5. No `permissions` block — relies on workflow-level defaults (Informational)

perf-canary.yml — entire file

The workflow has no explicit permissions stanza. GitHub's default for pull_request events from forks is read-only for most tokens, so this likely works fine. However, ci.yml also omits explicit permissions, so this is consistent with the repo convention. Just noting it for awareness.

Backlog Compliance

Zero-dep: ✓ — No new runtime dependencies. Uses existing Rust/napi-rs/vitest infrastructure.
Foundation-aligned: ✓ — Pure CI infrastructure. No cloud API calls, no new runtime toolchain. Doesn't modify the programmatic API.
Problem-fit: 3/5 — Correct and necessary CI infrastructure, but doesn't directly address the "lost AI" navigation problem. It's maintenance/quality work. Per the backlog framing: "primarily optimizes for CI/CD" is deprioritized by P8, but preventing a +1827% regression from shipping is a real reliability concern. Call it 3 on the 1–5 scale — useful, not an agent-accuracy feature.
Breaking: No — purely additive CI workflow + test flag.
Tier: 1 (zero-dep ✓, foundation-aligned ✓)

Critical Concerns

The has resolve data to compare test (issue #1 above) is the only one that could cause a spurious canary failure. The fix is straightforward: add test.skipIf(BENCH_CANARY)(...) around that assertion (since the canary's incremental run may not produce resolve data), matching the pattern used for has at least one engine to compare... actually, wait — that test is also not skipped. Both sentinel tests inside describe('incremental benchmarks') assume committed history has ≥2 comparable entries. If the canary writes the first dev entry to a fresh report file (not to the committed one), the comparison data exists in committed history and both tests pass. Verify the update step appends to the committed INCREMENTAL-BENCHMARKS.md, not to incremental-canary-result.json. If it does, the concern is mitigated.

Final Recommendation

Rating: ⭐⭐⭐⭐ (4/5)
Action: APPROVE WITH CONDITIONS
Reasoning: The PR solves a real, documented problem with a well-scoped design. The BENCH_CANARY flag is clean, the threshold adjustments are thoroughly documented with empirical data (CI run numbers, percentage swings, root-cause attribution), and the workflow structure follows established repo conventions. The one actionable issue is the fetch-depth: 0 (remove it — it's wasteful). The has resolve data to compare concern should be confirmed to be safe before merge (i.e., verify the update script appends to committed history, not just the canary JSON). Everything else is minor polish.
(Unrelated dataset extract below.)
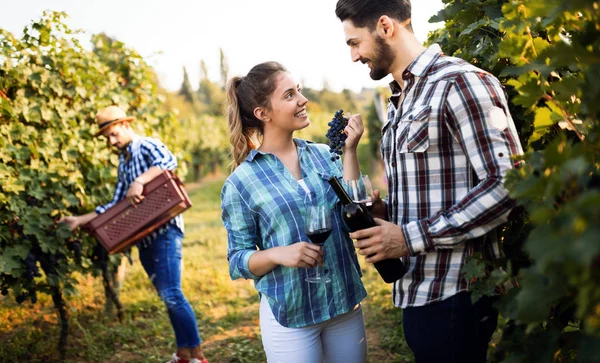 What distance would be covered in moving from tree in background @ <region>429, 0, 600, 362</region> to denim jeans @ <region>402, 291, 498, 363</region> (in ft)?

Suggested fix before merging:

Remove fetch-depth: 0 from the checkout step in perf-canary.yml — not needed.
Confirm scripts/update-incremental-report.ts appends the dev entry to generated/benchmarks/INCREMENTAL-BENCHMARKS.md (committed file), so findLatestPair has ≥2 entries when the regression guard runs. If it doesn't, the has resolve data to compare and has at least one engine to compare tests will fail on a first-run canary.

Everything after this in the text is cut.